- EXERCISE MATERIALS
──────────

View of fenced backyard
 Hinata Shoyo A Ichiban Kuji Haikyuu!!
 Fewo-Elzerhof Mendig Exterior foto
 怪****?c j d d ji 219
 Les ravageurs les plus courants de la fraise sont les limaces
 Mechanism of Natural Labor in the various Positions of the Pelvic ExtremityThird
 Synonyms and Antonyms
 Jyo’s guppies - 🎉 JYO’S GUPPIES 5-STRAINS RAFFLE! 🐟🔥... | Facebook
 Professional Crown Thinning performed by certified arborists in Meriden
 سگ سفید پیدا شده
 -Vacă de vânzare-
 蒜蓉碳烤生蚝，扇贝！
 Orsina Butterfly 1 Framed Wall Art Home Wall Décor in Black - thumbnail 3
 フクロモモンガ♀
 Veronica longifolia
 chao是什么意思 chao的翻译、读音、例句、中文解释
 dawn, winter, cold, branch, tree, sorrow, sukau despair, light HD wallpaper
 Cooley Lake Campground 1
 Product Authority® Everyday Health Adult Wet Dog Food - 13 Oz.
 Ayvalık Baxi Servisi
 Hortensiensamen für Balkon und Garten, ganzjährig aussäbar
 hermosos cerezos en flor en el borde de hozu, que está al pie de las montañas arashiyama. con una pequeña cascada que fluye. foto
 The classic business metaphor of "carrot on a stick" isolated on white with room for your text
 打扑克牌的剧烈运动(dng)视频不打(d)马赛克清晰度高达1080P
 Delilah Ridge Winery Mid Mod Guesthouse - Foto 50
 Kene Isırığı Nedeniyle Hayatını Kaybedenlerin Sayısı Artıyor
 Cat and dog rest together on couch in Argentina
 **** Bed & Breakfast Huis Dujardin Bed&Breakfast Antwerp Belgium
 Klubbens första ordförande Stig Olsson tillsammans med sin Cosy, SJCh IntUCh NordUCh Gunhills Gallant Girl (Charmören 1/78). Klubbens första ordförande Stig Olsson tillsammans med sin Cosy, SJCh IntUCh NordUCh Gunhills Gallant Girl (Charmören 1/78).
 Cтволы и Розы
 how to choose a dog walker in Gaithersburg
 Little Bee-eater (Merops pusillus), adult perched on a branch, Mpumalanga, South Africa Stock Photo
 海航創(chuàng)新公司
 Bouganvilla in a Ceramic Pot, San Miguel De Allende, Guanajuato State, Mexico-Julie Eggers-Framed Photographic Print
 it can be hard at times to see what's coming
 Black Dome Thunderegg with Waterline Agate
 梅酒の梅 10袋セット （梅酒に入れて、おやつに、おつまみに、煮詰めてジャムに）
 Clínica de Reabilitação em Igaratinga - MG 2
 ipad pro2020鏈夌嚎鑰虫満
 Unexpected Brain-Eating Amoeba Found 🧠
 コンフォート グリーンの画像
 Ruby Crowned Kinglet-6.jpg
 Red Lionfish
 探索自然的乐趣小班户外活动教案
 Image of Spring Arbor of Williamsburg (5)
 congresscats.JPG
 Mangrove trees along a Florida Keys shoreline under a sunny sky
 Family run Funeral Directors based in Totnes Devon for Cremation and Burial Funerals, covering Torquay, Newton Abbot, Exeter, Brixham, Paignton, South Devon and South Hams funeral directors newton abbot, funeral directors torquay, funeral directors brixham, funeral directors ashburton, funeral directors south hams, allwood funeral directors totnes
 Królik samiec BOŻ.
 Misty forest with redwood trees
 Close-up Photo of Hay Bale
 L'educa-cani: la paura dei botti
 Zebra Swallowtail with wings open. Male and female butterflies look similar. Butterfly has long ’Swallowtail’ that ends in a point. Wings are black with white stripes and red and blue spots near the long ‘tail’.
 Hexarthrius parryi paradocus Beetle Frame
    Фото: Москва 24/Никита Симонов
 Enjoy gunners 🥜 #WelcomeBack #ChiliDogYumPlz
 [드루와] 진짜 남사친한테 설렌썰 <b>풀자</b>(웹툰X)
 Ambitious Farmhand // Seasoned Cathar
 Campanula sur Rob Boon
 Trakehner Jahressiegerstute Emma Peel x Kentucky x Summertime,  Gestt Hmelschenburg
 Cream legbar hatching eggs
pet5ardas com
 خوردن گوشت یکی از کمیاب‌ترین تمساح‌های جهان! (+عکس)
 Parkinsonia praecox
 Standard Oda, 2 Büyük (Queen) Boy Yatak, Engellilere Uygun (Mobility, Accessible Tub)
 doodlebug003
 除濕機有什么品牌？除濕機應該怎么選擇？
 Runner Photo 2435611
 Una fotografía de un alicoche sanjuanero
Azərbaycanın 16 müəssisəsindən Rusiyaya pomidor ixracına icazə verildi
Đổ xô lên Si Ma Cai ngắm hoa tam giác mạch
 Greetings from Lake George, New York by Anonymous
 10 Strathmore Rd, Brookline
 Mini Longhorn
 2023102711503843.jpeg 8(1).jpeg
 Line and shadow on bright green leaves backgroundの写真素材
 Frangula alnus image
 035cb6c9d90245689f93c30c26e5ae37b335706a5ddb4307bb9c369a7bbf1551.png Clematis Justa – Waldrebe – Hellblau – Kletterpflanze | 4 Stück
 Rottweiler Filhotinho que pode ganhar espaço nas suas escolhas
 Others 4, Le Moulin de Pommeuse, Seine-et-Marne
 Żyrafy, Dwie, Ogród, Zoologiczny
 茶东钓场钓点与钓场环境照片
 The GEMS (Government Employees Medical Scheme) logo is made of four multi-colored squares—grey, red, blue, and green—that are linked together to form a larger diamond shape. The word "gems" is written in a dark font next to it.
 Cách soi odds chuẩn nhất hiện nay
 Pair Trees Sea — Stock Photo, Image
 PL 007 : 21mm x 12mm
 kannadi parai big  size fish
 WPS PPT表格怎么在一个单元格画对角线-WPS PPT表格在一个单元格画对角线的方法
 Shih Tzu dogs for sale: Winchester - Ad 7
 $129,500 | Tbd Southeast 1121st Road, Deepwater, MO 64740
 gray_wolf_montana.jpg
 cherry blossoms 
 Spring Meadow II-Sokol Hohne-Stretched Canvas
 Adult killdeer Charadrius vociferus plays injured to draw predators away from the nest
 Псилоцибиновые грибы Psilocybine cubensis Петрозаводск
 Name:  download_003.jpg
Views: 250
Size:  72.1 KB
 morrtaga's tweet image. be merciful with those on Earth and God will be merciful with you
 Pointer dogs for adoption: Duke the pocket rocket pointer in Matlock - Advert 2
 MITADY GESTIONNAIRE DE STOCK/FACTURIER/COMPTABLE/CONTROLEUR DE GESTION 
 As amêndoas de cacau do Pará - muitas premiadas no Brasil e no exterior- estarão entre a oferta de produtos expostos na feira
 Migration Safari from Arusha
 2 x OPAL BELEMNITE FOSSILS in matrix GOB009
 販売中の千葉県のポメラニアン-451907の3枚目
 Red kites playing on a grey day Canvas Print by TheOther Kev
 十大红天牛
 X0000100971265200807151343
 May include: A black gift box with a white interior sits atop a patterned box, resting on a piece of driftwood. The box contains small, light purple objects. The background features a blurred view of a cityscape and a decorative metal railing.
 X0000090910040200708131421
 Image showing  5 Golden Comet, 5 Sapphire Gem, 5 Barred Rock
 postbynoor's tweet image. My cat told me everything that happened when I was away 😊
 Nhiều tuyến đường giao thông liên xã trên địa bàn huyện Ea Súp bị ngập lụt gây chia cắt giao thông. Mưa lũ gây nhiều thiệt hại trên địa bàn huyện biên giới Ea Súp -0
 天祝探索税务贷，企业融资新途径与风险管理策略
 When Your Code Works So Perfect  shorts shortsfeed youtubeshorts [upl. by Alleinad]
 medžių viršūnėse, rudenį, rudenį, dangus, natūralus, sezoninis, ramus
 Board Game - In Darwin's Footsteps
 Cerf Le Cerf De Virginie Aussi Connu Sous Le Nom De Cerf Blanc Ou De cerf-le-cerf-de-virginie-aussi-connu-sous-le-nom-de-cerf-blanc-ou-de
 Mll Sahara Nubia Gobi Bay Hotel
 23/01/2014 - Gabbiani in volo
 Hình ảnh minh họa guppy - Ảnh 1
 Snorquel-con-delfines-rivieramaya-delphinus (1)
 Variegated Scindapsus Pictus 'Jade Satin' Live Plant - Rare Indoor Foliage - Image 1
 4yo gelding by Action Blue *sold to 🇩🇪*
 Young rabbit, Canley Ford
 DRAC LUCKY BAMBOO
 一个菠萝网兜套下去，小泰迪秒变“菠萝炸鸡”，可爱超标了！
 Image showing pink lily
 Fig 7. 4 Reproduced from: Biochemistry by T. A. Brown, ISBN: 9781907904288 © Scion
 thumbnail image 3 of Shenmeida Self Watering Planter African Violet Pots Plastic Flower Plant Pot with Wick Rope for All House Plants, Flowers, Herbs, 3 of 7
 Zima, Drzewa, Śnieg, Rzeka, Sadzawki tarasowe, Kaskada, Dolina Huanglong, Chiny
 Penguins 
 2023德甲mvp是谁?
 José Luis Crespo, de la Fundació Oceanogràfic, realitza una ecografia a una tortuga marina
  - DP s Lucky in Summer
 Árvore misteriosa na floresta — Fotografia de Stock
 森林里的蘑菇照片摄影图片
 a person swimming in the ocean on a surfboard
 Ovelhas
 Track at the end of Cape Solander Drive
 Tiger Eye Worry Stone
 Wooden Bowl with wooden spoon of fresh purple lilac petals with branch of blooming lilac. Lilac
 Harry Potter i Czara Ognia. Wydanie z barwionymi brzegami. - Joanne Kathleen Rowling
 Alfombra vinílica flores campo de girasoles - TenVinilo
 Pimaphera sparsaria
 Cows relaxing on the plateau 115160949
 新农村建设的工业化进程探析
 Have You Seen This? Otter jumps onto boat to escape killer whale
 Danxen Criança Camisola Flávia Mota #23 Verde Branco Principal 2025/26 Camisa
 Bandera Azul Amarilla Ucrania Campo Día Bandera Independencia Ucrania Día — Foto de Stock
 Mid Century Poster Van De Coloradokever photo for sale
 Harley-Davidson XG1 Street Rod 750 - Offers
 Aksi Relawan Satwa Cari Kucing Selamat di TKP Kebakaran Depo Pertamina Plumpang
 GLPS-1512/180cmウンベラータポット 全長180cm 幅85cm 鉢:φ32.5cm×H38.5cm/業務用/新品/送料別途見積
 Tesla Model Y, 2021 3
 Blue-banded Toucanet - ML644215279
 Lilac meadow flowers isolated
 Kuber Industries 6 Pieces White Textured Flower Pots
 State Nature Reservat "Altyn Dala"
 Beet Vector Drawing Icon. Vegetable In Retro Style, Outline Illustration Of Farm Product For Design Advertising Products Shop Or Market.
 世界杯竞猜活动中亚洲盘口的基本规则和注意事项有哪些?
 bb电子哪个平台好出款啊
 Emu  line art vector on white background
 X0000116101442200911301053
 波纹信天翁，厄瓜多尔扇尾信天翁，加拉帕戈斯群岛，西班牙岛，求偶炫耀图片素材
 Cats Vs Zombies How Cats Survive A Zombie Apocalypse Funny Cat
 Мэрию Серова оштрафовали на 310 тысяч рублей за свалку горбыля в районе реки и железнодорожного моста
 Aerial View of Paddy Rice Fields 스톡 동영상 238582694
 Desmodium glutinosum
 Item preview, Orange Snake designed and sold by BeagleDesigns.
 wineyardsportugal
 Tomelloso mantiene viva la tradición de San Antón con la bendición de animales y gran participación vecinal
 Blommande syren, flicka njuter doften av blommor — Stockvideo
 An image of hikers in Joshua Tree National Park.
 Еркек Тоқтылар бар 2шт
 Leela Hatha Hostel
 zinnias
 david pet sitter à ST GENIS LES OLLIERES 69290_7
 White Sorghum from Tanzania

──────────

- TASK PROMPT
Could you return exactly the lines above from the line with "4yo gelding by Action Blue *sold to 🇩🇪*" to the line with "Alfombra vinílica flores", both included, and nothing else?

- REPLY TO THE EXERCISE
 4yo gelding by Action Blue *sold to 🇩🇪*
 Young rabbit, Canley Ford
 DRAC LUCKY BAMBOO
 一个菠萝网兜套下去，小泰迪秒变“菠萝炸鸡”，可爱超标了！
 Image showing pink lily
 Fig 7. 4 Reproduced from: Biochemistry by T. A. Brown, ISBN: 9781907904288 © Scion
 thumbnail image 3 of Shenmeida Self Watering Planter African Violet Pots Plastic Flower Plant Pot with Wick Rope for All House Plants, Flowers, Herbs, 3 of 7
 Zima, Drzewa, Śnieg, Rzeka, Sadzawki tarasowe, Kaskada, Dolina Huanglong, Chiny
 Penguins 
 2023德甲mvp是谁?
 José Luis Crespo, de la Fundació Oceanogràfic, realitza una ecografia a una tortuga marina
  - DP s Lucky in Summer
 Árvore misteriosa na floresta — Fotografia de Stock
 森林里的蘑菇照片摄影图片
 a person swimming in the ocean on a surfboard
 Ovelhas
 Track at the end of Cape Solander Drive
 Tiger Eye Worry Stone
 Wooden Bowl with wooden spoon of fresh purple lilac petals with branch of blooming lilac. Lilac
 Harry Potter i Czara Ognia. Wydanie z barwionymi brzegami. - Joanne Kathleen Rowling
 Alfombra vinílica flores campo de girasoles - TenVinilo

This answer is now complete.